■ **Data below**
· · · ·

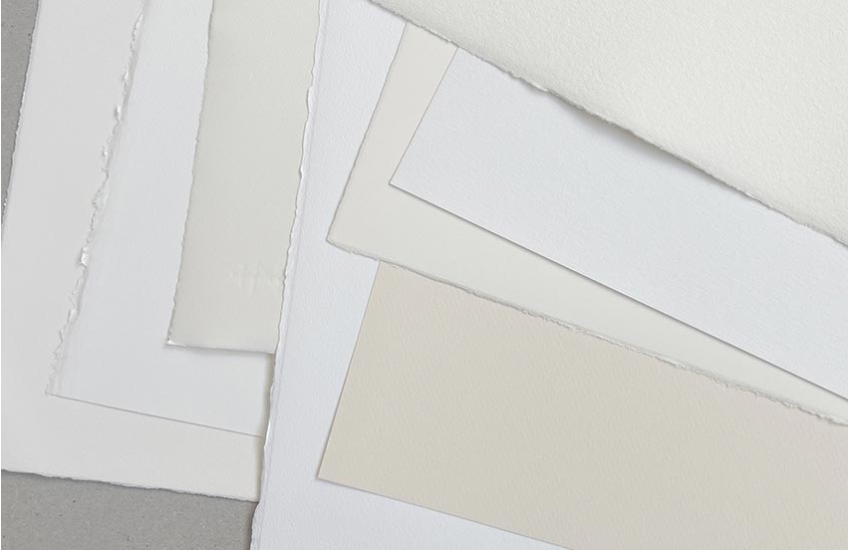 8 fogli grandi di carte pregiate per calligrafia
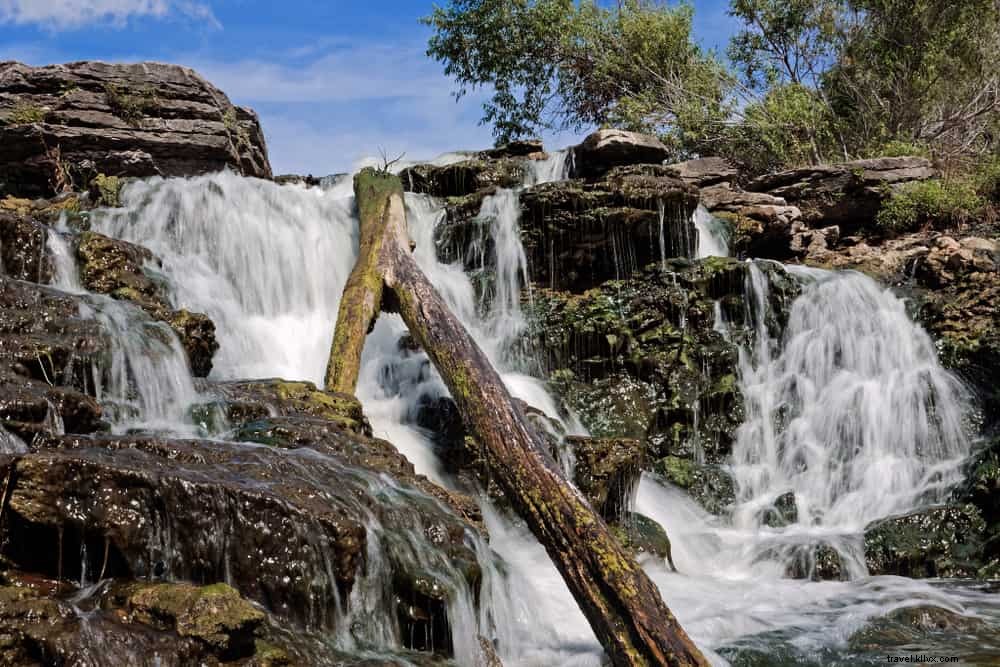 16 Stunning Places to Visit in Iowa: Natural Wonders and Historic Gems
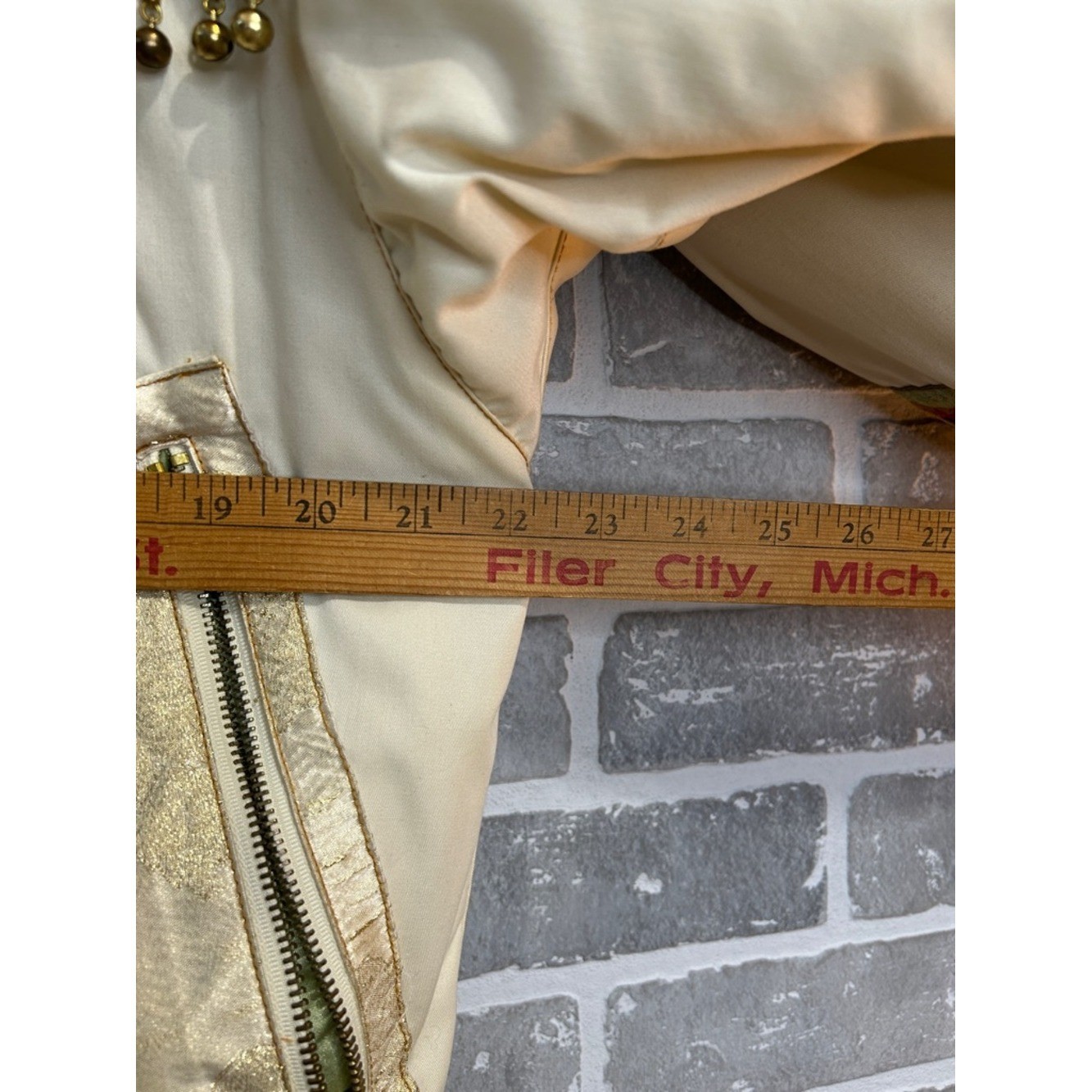 Vintage J. Gallery Puffer Jacket Large Beige Retro Bomber 80s. Rare. Bella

· · · ·

■ **Activity**
Skip the pictures and write out exactly the lines from the line containing "16 Stunning Places" through the end of the listing above.

■ **Solution below**
 16 Stunning Places to Visit in Iowa: Natural Wonders and Historic Gems
 Vintage J. Gallery Puffer Jacket Large Beige Retro Bomber 80s. Rare. Bella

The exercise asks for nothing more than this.